Kata Kunci: Hiperkolesterolemia, Kadar albumin, Benalu mangga, Histopatologi ginjal ABSTRACT
The pattern of fatty food trigger the hypercholesterolemia followed by the increasing of LDL and resulted in LDL oxidation. These condition followed by an inflammation reaction which decreases the albumin levels and histopathological damages on kidney tissue. This study was aimed to discover the therapeutic effect of water extract of mango’s mistletoe (Dendrophthoe pentandra) based on the albumin levels and kidney tissue histopathology. This study used rats were divided into 4 groups, the control group, hypercholesterolemia group, group that received therapy for hypercholesterolemia 400 mg/kg of body weight, and group that received therapy for hypercholesterolemia 800 mg/kg of body weight. The result showed that therapy of water extract of mango’s mistletoe has significant effect for increasing albumin levels. The therapy of water extract of mango’s mistletoe has repaired the kidney tissue showed by decreased of edema tubules, inflammation cells in glomerulus, and hemorrhage in glomerulus. Conclution for this study was therapy of mango’s mistletoe water extract can increase the albumin levels and repair kidney tissue. 800 mg/kg BB dosage gives a better result which was increase the albumin levels than 400 mg/kg BB dosage.
PENDAHULUAN
Hiperkolesterolemia terjadi jika kadar kolesterol dalam darah melebihi batas normal. Kelebihan kolesterol di dalam darah ini terjadi akibat asupan pakan tinggi kolesterol yang berlebih masuk ke dalam tubuh (Tortora, 2005). Menurut Lichtenstein (2006), hewan
kesayangan sebagian besar adalah
karnivora yang rentan terhadap kelebihan kolesterol, karena pola pemberian pakan
tinggi kolesterol. Pakan yang
menyebabkan peningkatan kolesterol
dalam darah adalah produk hasil dari hewan seperti kuning telur, daging, hepar, maupun otak.
Hiperkolesterolemia dapat
berkembang menjadi aterosklerosis pada pembuluh arteri, berupa penyempitan pembuluh darah, terutama di jantung, otak, ginjal, dan mata (Lamenapa, 2005). Kerusakan endotel merupakan manifestasi
dini terjadinya aterosklerosis. Ginjal
merupakan organ yang dilewati darah sebesar 25 % dari curah jantung, sehingga kerusakan endotel kapiler glomerulus ginjal rentan terjadi. Menurut Mann (2008), kerusakan endotel pada glomerulus
ginjal mengakibatkan peningkatan
permeabilitas kapiler glomerulus sehingga albumin dapat keluar membran glomerulus mengakibatkan kadar albumin dalam darah menurun (hipoalbuminemia).

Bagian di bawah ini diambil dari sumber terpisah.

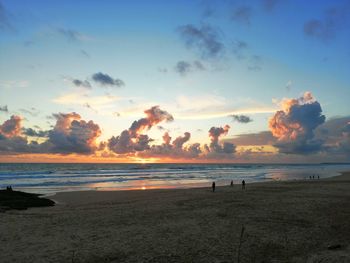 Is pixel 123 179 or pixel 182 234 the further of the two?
pixel 123 179

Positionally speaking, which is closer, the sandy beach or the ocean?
the sandy beach

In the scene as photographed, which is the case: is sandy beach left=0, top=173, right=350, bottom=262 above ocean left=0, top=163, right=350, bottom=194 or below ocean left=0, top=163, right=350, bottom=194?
above

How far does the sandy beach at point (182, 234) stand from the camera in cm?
1340

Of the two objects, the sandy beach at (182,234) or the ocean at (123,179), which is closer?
the sandy beach at (182,234)

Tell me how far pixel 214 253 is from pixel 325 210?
42.4ft

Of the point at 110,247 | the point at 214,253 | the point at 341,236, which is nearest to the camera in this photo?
the point at 214,253

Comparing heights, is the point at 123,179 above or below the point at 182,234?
below

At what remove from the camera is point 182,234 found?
1670 cm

Menurut data dari Hess et al. (2006), kasus hiperkolesterolemia disertai dengan hipoalbuminemia yang menyerang hewan kesayangan menunjukkan 30% pasien berisiko hipoalbuminemia dengan 12% diantaranya hipoalbuminemia berat. Berdasarkan prosentase angka kejadian yang cukup banyak, maka banyak peneliti mencari jalan keluar untuk melakukan pengobatan alternatif sebagai salah satu pengobatan hiperkolesterolemia.
Pengobatan alternatif ini salah satunya menggunakan bahan-bahan alami yaitu dengan memanfaatkan sesuatu yang sebelumnya tidak bermanfaat menjadi sesuatu yang bermanfaat, yaitu benalu.

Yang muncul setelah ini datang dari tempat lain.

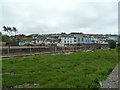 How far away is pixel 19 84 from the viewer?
6133 mm

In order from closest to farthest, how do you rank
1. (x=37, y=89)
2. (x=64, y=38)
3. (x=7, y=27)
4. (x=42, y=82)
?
(x=37, y=89)
(x=42, y=82)
(x=7, y=27)
(x=64, y=38)

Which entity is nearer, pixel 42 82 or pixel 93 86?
pixel 93 86

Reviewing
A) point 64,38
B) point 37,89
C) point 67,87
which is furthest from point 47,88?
point 64,38

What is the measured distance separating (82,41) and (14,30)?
142ft

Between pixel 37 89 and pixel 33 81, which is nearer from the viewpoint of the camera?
pixel 37 89

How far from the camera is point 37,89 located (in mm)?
5352

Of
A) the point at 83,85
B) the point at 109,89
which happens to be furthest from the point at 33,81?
the point at 109,89

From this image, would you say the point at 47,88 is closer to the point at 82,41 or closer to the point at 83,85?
the point at 83,85

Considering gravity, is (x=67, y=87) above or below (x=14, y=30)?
below

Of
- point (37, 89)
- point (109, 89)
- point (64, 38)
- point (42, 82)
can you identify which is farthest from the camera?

Menurut Katrin et al. (2005), benalu digunakan di masyarakat sebagai obat
antiradang, pereda sakit (analgesik),
antivirus, antikanker, dll. Benalu mangga
(Dendrophthoe pentandra) merupakan
salah satu benalu yang mudah didapat di
Indonesia karena wilayah Indonesia
sebagian besar adalah dataran rendah dimana pohon mangga sangat cocok hidup di dataran rendah.
Menurut penelitian sebelumnya Khakim (2000), bahwa kandungan dalam ekstrak air benalu mangga yaitu flavonoid, tanin, asam amino, karbohidrat, alkaloid, kuersetin, dan saponin. Penelitian tersebut diperkuat dengan penelitian Hotimah
(2003), kandungan flavonoid, tanin,
kuersetin, dan saponin sebagai antioksidan dalam benalu teh (Scurrula atropurpurea)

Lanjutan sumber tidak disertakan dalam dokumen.